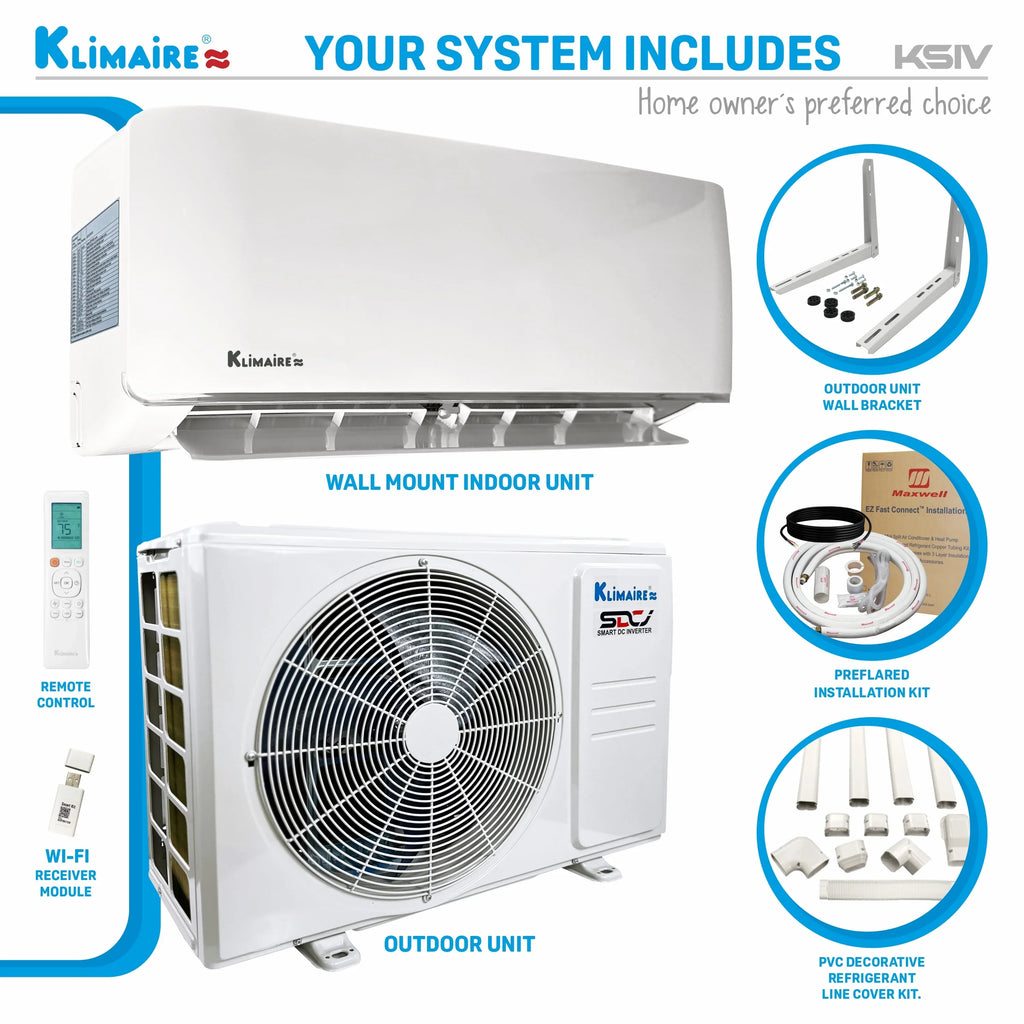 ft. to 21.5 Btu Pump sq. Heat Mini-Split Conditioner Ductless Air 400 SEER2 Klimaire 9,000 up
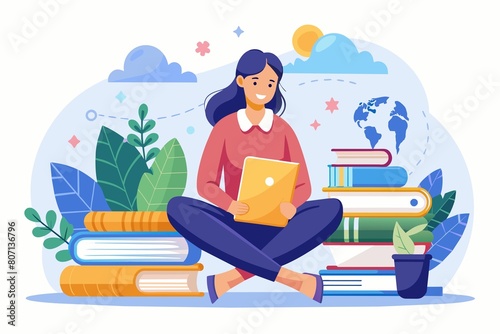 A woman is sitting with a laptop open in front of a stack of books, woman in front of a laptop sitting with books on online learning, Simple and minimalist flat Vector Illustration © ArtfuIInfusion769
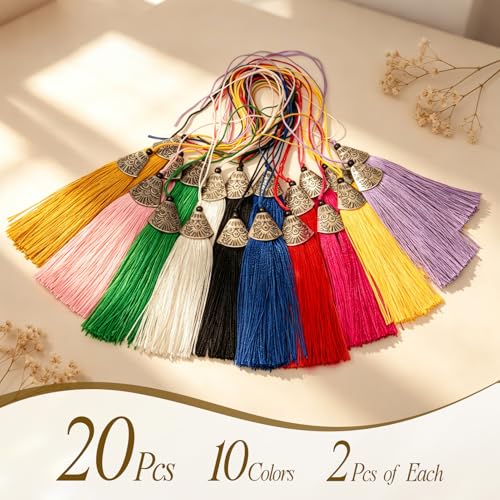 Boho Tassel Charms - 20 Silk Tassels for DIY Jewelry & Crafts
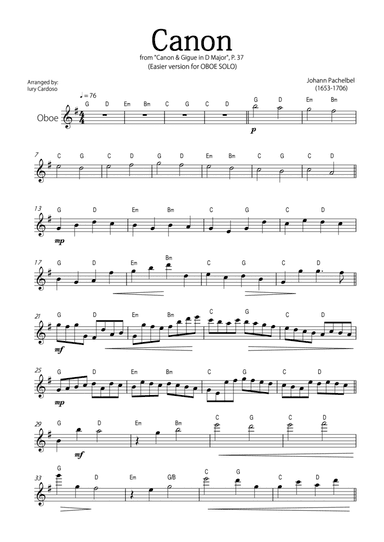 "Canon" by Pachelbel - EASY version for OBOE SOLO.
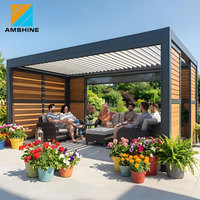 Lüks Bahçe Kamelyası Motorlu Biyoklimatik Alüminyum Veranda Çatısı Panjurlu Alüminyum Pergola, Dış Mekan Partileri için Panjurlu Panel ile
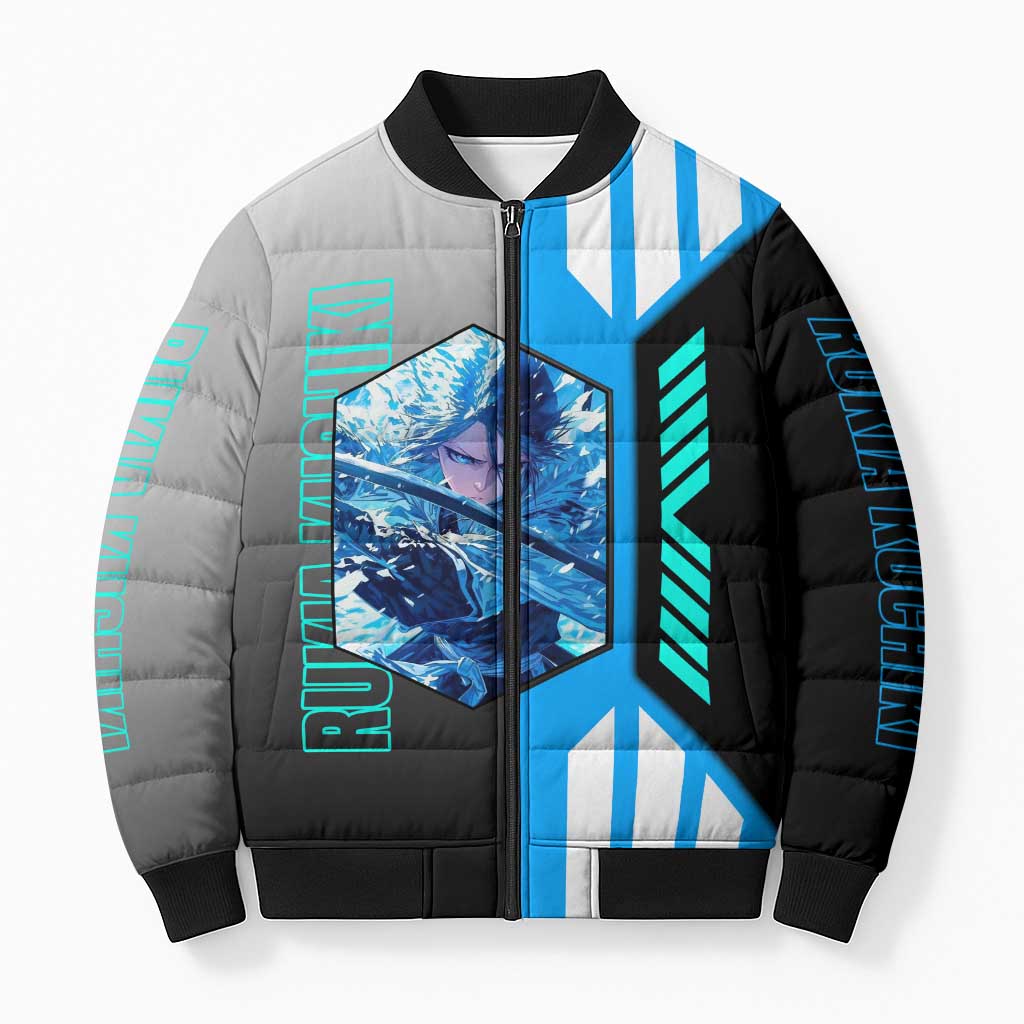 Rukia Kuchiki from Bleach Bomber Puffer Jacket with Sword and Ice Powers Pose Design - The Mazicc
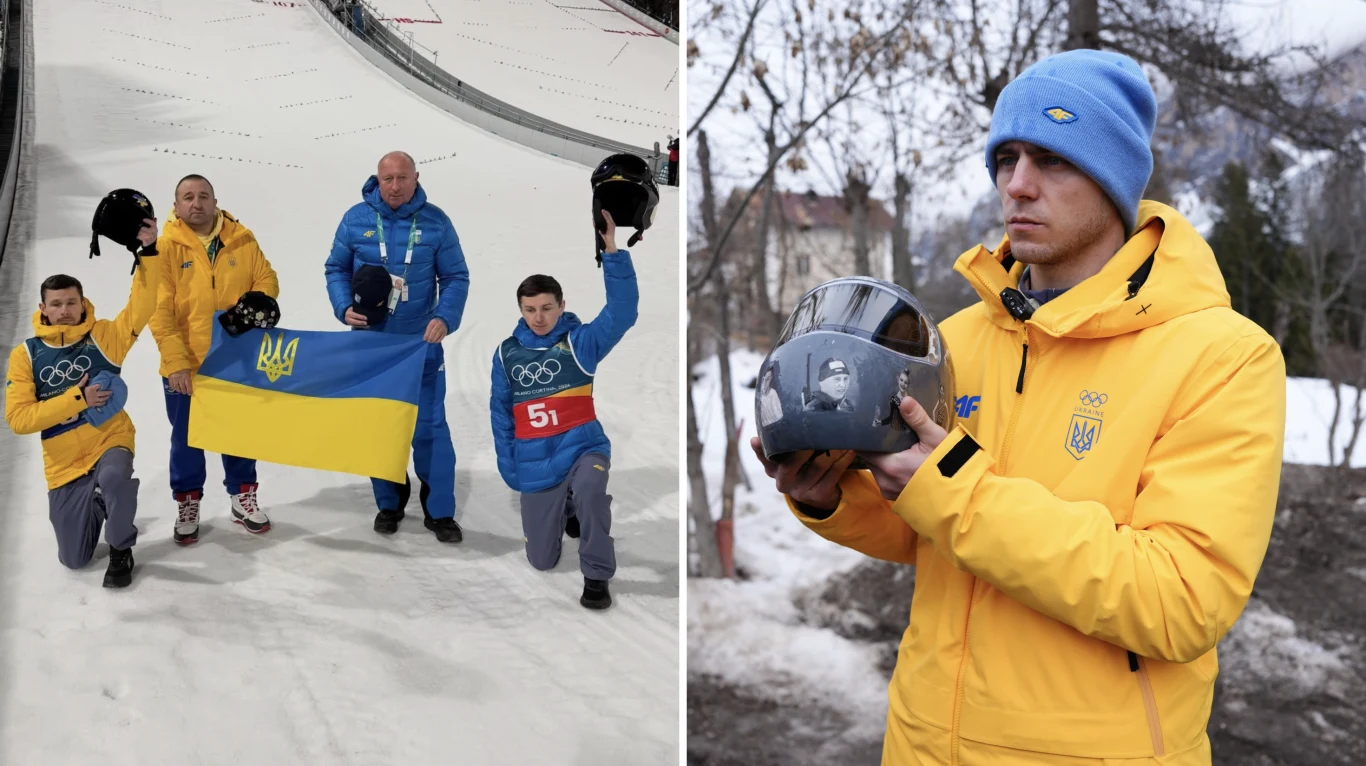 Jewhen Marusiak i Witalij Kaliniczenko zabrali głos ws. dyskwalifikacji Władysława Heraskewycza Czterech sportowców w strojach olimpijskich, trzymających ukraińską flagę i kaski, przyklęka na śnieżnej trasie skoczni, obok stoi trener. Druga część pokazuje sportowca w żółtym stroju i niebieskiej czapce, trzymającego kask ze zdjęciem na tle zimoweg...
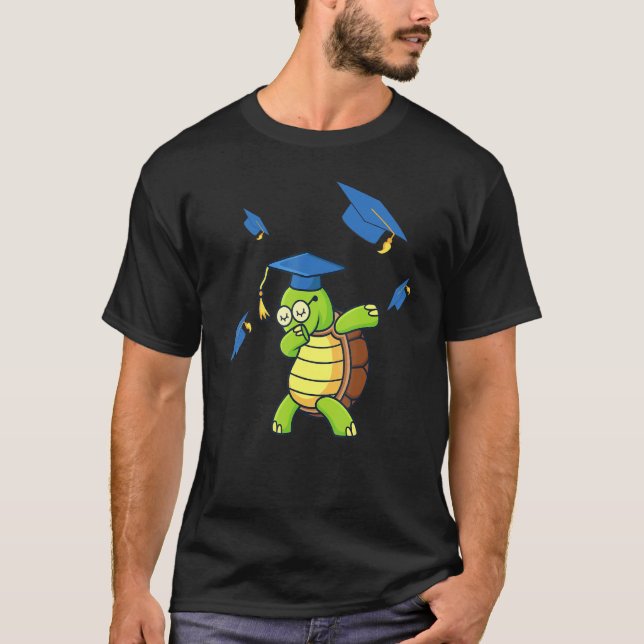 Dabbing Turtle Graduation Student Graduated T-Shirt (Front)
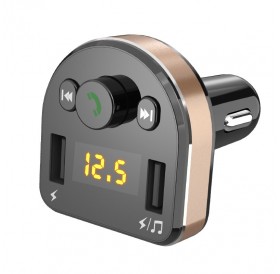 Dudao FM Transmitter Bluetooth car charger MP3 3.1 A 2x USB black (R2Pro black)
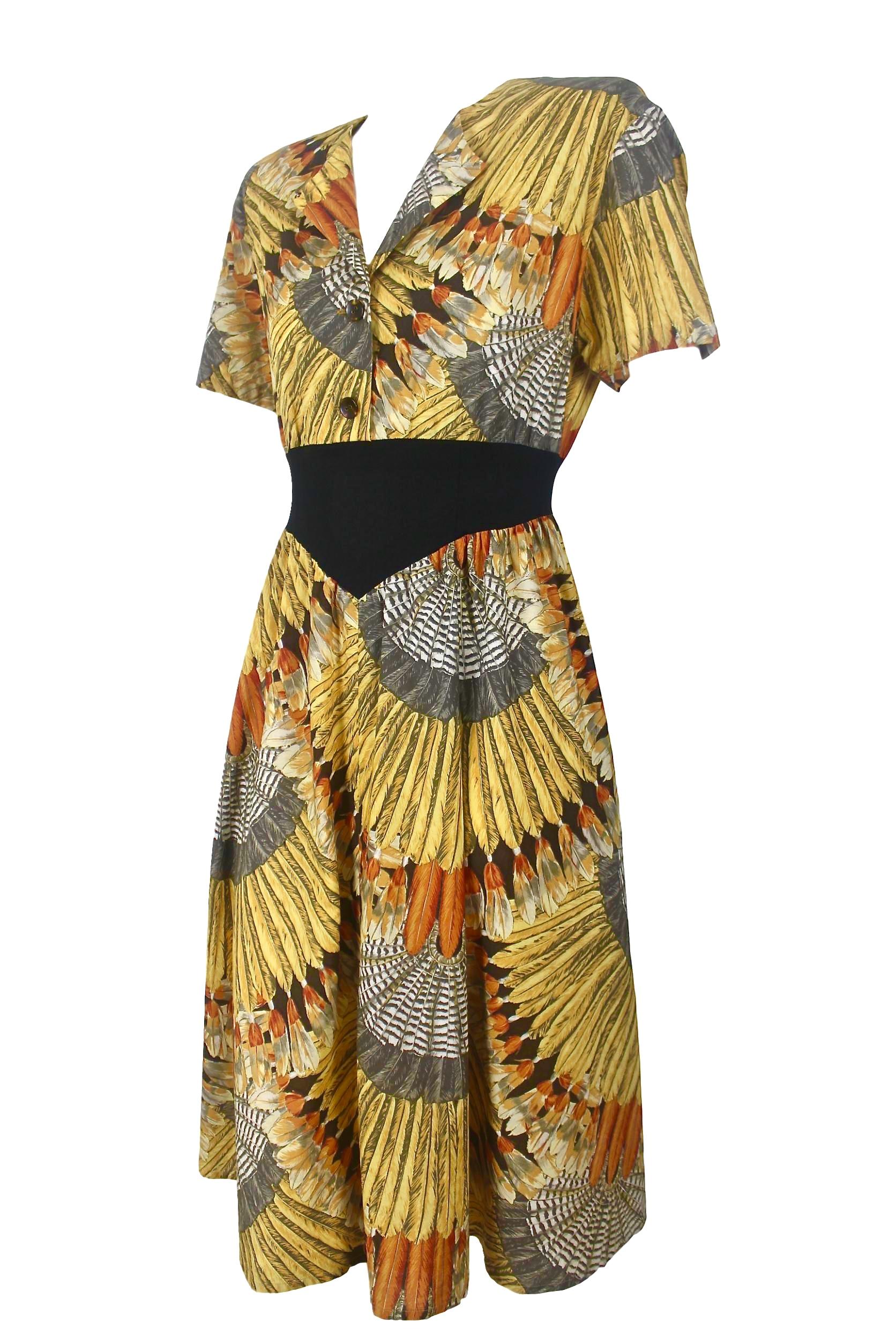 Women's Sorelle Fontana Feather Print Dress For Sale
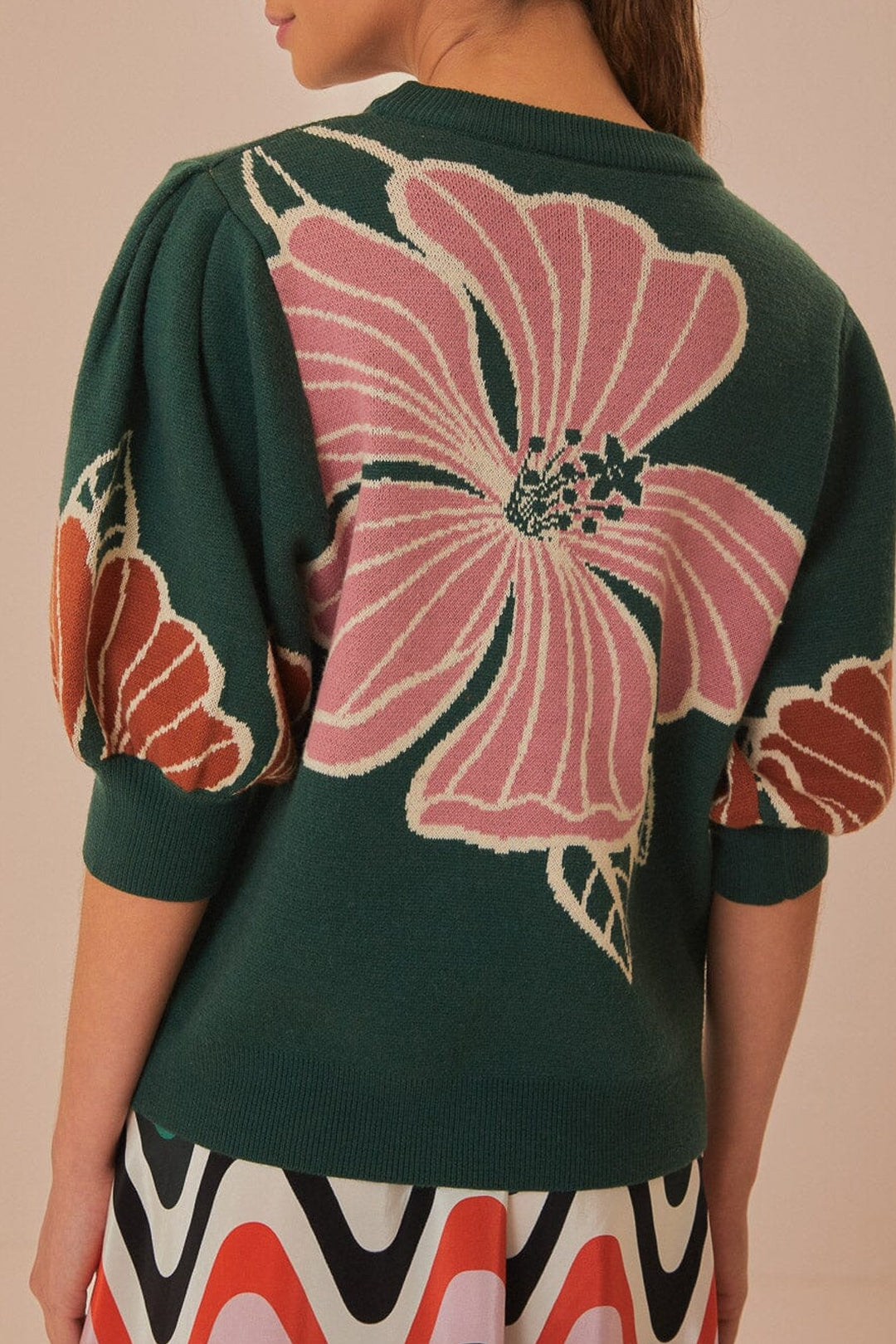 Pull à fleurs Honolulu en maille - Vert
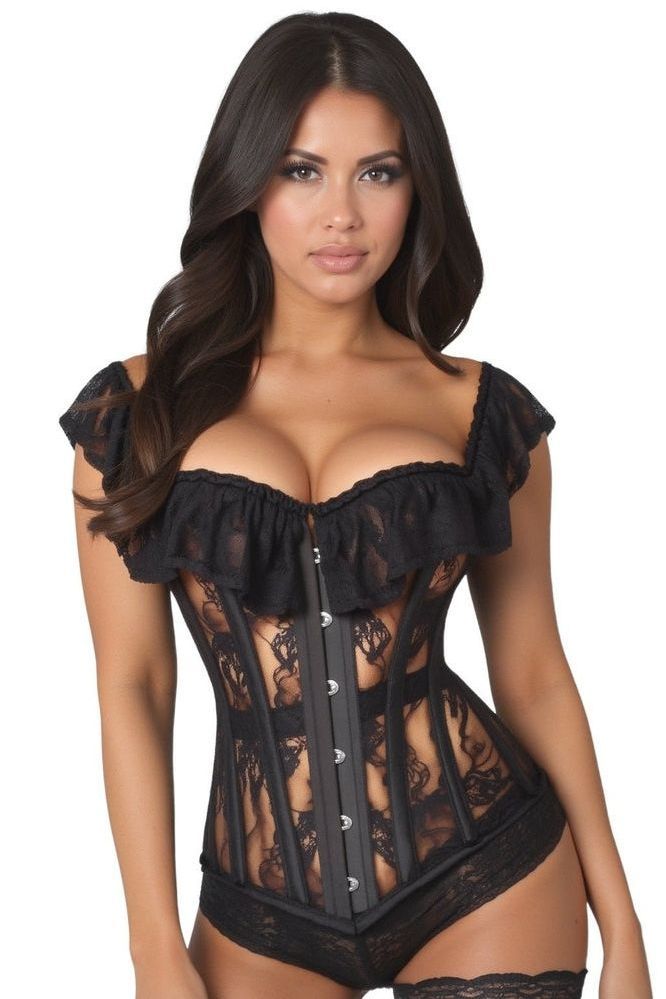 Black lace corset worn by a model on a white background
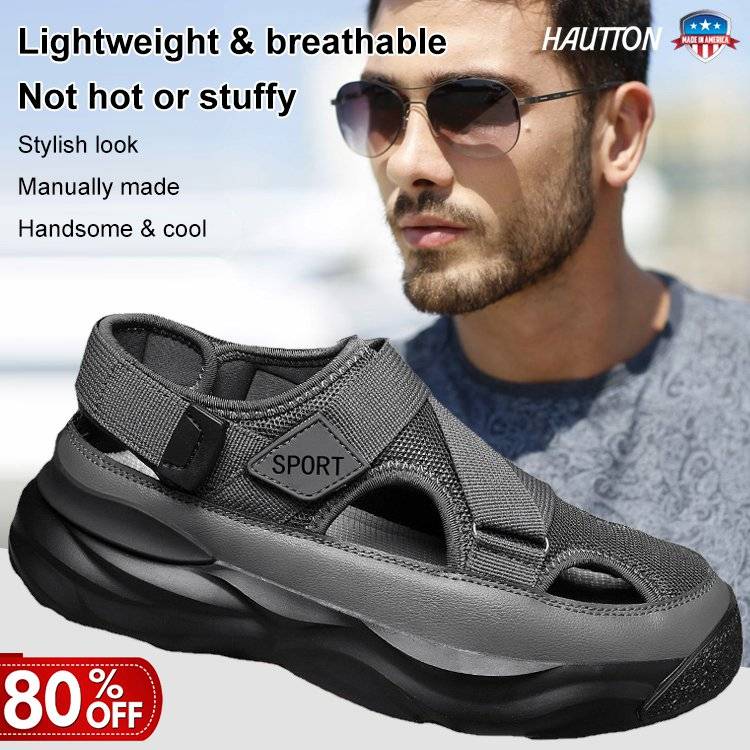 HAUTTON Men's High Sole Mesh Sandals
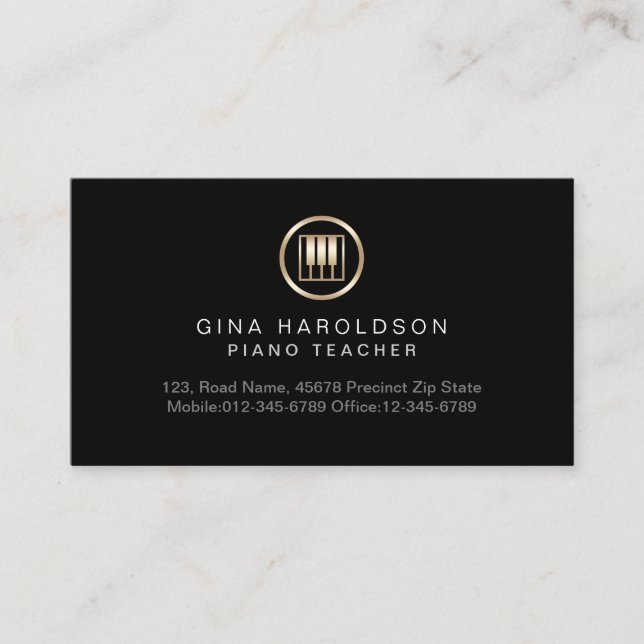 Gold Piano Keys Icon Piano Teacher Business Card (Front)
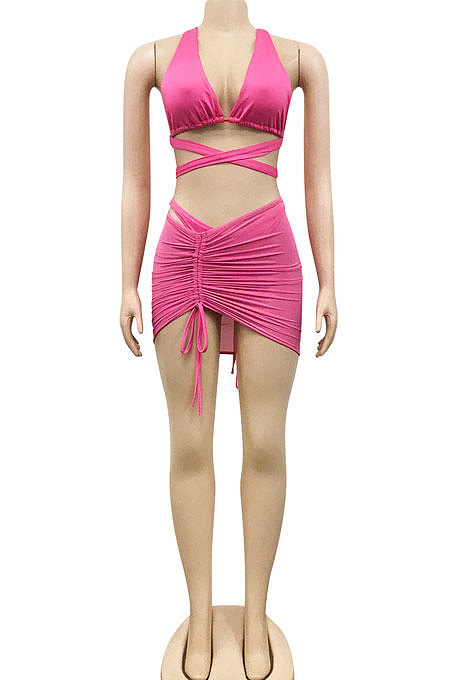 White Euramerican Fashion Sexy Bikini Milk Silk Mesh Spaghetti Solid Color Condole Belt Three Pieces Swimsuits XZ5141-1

§

:: Task item ::
No pictures go in the copy. Retype exactly the lines from the one with "Pull à fleurs Honolulu en maille - Vert" through the last line of the entries above, both included, and nothing more.

:: Answer section ::
 Pull à fleurs Honolulu en maille - Vert
 Black lace corset worn by a model on a white background
 HAUTTON Men's High Sole Mesh Sandals
 Gold Piano Keys Icon Piano Teacher Business Card (Front)
 White Euramerican Fashion Sexy Bikini Milk Silk Mesh Spaghetti Solid Color Condole Belt Three Pieces Swimsuits XZ5141-1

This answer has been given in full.